Graphical User Interface
Pada umumnya, end user akan merasakan impresi pertama adalah saat pertama kali melihat performa tampilan GUI-nya. Maklum di abad 21 ini, semuanya sudah dipermudah dengan hanya klak-klik tombol mouse. Adapun pada hakekatnya command prompt itu lebih powerful ketimbang menggunakan aplikasi sejenis dalam mode GUI. Dan konsep ini selalu melekat pada orang-orang yang memang berkecimpung mengelola server. Maklum saja, karena server tidak memerlukan tampilan GUI sama sekali pada hakekatnya. Karena alasan performa server terbebani dengan tampilan GUI.
Bila dalam ranah server, saya setuju dengan tampilan text based dalam mengelola server tersebut. Akan tetapi pada ranah desktop, maka yang menjadi point atraktif sebuah OS adalah tampilan GUI yang memukau sebening kristral. Bila Anda pernah membandingkan tampilan GUI Linux, Windows dan Mac OS X, maka yang paling bening menurut saya adalah Mac OS X, kemudian Windows baru yang terakhir Linux.

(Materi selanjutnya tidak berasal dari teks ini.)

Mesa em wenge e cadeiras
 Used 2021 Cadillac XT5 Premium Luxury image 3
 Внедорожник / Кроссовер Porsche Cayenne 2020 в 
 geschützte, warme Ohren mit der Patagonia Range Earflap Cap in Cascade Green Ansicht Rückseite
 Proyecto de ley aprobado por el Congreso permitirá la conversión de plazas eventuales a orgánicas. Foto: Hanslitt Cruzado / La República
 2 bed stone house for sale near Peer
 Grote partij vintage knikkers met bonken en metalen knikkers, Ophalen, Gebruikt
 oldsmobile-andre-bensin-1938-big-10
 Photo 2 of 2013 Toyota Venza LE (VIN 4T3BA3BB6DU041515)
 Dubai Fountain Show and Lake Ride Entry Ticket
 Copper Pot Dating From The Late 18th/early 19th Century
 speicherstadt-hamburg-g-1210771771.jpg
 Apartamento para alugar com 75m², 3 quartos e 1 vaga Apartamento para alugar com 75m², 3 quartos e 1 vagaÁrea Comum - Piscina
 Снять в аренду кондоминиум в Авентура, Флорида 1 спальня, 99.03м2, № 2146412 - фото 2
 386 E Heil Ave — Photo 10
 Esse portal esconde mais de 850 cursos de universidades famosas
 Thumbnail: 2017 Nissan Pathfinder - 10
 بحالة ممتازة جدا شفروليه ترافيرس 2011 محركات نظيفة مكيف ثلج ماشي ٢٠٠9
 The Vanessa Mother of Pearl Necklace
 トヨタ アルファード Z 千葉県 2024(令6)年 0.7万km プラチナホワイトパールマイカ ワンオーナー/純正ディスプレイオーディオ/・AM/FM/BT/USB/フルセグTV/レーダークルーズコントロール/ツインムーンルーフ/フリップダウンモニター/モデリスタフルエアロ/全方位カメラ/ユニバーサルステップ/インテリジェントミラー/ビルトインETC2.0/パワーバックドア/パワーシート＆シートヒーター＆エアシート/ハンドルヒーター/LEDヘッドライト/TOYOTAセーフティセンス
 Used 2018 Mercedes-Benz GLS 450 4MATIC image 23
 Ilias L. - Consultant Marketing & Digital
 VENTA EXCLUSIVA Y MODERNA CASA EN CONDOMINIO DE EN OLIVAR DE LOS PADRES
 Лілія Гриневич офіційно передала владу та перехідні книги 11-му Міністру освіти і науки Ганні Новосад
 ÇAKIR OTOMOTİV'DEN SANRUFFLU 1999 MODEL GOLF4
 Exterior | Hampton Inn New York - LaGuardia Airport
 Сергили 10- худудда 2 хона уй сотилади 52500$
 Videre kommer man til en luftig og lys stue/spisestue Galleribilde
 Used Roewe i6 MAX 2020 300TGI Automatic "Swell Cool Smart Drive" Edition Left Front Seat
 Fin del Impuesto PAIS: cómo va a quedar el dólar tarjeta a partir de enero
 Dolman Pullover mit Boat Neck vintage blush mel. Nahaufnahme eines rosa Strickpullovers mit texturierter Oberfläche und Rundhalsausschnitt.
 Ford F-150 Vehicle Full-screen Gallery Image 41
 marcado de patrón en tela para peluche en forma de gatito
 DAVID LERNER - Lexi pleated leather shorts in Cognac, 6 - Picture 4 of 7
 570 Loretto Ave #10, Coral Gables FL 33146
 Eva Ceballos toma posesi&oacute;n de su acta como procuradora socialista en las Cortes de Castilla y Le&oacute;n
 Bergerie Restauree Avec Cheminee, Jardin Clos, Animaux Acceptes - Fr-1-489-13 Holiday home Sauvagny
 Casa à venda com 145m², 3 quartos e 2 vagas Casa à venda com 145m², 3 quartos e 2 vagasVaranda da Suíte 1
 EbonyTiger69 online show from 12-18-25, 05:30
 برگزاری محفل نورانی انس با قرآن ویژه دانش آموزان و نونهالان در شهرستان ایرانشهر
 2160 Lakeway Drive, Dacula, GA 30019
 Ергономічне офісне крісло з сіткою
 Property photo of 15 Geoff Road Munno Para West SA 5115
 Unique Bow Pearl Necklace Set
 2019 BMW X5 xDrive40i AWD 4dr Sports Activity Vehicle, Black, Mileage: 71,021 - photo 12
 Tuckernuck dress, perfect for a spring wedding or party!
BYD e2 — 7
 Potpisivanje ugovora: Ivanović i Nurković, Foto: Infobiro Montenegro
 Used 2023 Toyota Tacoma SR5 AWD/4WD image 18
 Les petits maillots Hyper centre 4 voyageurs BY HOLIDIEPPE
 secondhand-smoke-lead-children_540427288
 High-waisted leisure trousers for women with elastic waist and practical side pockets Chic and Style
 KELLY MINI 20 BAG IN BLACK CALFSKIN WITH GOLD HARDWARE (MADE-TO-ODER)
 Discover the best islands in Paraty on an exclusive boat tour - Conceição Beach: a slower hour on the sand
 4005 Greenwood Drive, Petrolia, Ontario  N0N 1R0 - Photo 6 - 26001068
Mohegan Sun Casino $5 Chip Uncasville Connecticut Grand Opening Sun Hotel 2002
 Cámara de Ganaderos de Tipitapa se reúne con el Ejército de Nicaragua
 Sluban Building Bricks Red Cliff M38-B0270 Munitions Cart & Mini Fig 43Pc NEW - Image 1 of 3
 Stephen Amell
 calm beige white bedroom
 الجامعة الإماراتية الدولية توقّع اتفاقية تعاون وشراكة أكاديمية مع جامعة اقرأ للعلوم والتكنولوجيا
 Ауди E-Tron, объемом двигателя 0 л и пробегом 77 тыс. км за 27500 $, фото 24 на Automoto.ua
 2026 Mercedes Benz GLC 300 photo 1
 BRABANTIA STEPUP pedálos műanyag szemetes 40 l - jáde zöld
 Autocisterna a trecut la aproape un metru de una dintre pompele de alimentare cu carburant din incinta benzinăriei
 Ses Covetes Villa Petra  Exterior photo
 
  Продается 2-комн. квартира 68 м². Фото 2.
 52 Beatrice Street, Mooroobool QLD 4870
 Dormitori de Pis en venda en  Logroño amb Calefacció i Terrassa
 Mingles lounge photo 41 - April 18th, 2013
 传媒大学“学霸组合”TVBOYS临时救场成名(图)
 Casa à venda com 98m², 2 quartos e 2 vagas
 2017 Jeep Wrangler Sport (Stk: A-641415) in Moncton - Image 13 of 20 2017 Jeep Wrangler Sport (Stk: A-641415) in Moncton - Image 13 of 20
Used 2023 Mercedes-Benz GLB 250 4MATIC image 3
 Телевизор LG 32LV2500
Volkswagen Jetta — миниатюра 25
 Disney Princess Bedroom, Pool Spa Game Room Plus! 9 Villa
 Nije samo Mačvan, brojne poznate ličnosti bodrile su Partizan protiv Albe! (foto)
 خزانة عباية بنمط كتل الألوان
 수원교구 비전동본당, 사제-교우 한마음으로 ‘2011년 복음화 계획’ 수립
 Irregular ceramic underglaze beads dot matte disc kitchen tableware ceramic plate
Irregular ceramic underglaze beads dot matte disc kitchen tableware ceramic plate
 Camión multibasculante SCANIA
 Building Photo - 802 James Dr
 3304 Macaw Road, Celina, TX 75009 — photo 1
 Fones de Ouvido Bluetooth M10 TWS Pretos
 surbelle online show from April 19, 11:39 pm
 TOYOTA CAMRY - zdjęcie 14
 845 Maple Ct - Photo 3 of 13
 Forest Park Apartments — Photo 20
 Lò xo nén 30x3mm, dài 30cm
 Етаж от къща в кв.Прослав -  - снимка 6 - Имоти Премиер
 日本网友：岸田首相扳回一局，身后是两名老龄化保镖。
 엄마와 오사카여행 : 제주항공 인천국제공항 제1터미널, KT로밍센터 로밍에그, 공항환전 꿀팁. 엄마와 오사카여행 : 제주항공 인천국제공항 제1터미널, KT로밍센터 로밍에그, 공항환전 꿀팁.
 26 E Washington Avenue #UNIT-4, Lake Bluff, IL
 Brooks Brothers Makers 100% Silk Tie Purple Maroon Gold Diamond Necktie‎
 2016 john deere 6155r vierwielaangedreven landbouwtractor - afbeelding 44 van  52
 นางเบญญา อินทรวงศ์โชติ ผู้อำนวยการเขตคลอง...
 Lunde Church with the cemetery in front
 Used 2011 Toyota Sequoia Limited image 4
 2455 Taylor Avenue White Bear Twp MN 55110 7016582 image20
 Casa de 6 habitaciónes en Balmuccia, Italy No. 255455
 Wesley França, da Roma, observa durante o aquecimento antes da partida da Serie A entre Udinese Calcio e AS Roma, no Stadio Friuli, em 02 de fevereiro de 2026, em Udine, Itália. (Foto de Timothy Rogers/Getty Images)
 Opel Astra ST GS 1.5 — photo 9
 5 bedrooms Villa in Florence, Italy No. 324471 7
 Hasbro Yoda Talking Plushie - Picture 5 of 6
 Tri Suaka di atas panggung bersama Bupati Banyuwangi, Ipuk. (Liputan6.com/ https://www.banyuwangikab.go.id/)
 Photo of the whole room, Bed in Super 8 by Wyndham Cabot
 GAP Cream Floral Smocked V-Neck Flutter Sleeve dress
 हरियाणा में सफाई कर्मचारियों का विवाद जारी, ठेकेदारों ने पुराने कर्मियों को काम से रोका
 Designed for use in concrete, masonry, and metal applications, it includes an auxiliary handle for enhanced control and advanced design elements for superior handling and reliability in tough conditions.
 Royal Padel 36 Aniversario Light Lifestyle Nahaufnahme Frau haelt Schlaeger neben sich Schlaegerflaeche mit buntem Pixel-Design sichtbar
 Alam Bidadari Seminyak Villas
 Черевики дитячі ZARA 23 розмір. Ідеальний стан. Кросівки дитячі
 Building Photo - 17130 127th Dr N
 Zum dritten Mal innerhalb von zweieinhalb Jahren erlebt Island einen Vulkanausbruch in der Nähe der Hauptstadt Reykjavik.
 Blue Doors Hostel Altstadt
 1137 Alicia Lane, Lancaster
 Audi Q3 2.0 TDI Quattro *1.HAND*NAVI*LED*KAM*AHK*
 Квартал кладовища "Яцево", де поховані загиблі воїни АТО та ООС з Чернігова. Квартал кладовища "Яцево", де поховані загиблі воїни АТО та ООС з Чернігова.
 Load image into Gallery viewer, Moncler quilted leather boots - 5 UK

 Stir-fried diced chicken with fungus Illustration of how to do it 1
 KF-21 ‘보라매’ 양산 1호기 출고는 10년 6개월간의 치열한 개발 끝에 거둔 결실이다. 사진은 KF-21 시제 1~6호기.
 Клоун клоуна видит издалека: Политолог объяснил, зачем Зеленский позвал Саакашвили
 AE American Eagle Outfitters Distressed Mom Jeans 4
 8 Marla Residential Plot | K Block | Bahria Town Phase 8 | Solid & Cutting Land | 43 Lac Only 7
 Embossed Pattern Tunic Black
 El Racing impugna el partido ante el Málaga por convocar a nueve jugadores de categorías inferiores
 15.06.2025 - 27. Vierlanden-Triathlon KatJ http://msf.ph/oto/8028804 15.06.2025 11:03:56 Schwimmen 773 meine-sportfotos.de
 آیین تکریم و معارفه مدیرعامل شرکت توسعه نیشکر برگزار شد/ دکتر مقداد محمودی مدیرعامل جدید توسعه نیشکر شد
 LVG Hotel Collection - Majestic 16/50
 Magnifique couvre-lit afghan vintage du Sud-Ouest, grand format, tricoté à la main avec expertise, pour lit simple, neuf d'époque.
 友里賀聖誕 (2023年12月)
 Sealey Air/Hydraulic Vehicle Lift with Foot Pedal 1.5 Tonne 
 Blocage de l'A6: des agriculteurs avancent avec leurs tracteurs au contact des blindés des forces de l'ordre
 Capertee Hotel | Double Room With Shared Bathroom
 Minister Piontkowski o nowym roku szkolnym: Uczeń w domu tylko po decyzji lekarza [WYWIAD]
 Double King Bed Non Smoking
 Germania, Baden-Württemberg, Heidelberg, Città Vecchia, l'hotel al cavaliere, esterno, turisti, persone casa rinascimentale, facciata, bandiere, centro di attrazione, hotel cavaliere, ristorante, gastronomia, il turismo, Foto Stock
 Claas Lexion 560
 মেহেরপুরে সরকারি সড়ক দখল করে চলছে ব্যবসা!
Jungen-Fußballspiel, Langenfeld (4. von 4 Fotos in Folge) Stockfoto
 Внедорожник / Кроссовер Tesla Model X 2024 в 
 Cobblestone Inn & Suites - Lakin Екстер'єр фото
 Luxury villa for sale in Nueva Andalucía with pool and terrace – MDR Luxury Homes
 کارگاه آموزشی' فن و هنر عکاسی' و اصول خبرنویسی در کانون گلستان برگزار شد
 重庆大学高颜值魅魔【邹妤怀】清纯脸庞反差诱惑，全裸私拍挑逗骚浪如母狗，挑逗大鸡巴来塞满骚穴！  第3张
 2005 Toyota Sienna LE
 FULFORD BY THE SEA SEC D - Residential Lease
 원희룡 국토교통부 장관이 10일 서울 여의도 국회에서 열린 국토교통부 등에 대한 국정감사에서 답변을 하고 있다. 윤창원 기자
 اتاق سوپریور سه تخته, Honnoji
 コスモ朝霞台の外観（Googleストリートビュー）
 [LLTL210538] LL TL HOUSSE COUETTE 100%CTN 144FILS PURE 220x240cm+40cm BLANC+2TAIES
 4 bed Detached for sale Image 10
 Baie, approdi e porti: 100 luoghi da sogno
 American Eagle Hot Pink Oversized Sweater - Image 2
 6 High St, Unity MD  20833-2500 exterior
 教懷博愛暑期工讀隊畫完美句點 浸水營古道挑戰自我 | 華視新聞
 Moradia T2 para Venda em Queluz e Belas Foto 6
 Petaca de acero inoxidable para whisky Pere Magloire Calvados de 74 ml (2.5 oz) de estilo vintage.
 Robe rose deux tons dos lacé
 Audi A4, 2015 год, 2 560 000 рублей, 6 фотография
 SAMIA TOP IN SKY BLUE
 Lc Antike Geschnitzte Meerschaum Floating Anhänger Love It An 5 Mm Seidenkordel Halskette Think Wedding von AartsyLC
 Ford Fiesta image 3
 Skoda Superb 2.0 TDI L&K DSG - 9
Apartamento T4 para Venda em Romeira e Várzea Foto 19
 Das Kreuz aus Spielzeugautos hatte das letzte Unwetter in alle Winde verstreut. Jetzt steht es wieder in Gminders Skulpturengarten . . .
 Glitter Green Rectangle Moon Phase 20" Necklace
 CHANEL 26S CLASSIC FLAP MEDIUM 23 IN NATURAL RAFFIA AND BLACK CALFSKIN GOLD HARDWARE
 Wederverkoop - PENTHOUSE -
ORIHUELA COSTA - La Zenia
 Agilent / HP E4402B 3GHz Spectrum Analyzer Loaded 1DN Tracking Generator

Bila melihat Mac OS X, ia adalah turunan Unix juga, sama dengan Linux. Oleh karena itu saya percaya bahwa pada tahun-tahun mendatang, tampilan GUI Linux bisa seatraktif Mac OS X.
Paket Managemen
Selanjutnya adalah mengenai paket management, ada beragam aliran paket managemen di Linux, secara garis besar ada 2 yang terkenal, yaitu RPM dan Debian. Selain itu ada juga yang lain, seperti Slackware yang masih menggunakan paket file tarbal. Akan tetapi kenyataan ini bisa dimaklumi, karena adanya kebebasan dalam dunia Linux yang open source, jadi Linux membuka pintu seluas-luasnya bagi developer untuk membuat paket managemen sendiri, atau akan mengikuti patron yang sudah ada. Akan tetapi ada satu format yang bisa diterima oleh semua distro, yaitu binary file, yang biasanya dikompres dalam format tar.gz atau tar.bz2. Dan format seperti itu bisa diinstal ke semua distro yang ada. Dan ini adalah common format untuk Linux. Akan tetapi untuk alasan performa, biasanya distro yang merupakan turunan Debian seperti Ubuntu, akan menyediakan paket standard untuk Ubuntu pada aplikasi tersebut. Dengan dalih, lebih secure dan lebih terintegrasi dengan distro tersebut.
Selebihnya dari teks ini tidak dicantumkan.